In general, we were able to define EDNRB as a target for Q-MSP detection of HNSCC with a high degree of specificity but with an accompanied low sensitivity. All of our positive samples were Stage IV cancers. This may be due to the fact that larger or more aggressive tumors have a higher degree of intratumor vascular irregularities that allow increased leakage of tumor DNA into serum. Additionally, more aggressive tumors are likely to have a higher burden of epigenetic alteration increasing the likelihood that hypermethylated DNA can be detected in these patients serum.
Conclusion
We were able to confirm an elevated rate of promoter hypermethylation detected in HNSCC patient serum by probing three gene promoters previously found to be hypermethylated in HNSCC but not in control subjects.
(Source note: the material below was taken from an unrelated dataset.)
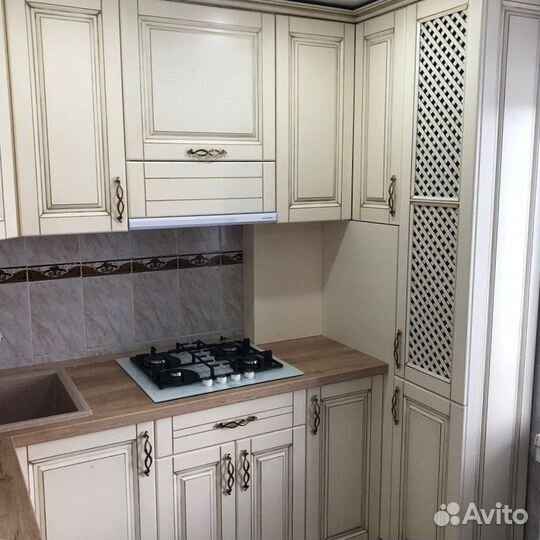 Гарнитур кухонный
We found that we were able to detect serum from cancer patients with 100% specificity but low sensitivity using our probe for EDNRB. Further investigation is warranted to find additional serum methylation targets that can be used as a panel to increase the sensitivity of serum-based HNSCC screening. Serum-base screening has the potential to allow for earlier detection and treatment of HNSCC. New screening modalities for HNSCC are desperately needed, since, despite advances in surgical techniques and our understanding of the pathophysiology of HNSCC, overall survival has not increased in the past 30-years.20
Acknowledgments
Financial Support: Drs. Califano is supported by a NCI/NIDCR SPORE (5P50CA096784-05) and NIDCR Challenge Grant (RC1DE020324). Drs. Mydlarz and Hennessey are funded in part by a NIH T32 Research Training Grant (T32DC000027).
Footnotes
Conflict of interest statement: None of the authors of this manuscript have any relationships, financial or otherwise, or actual, potential, or perceived conflicts of interest to disclose.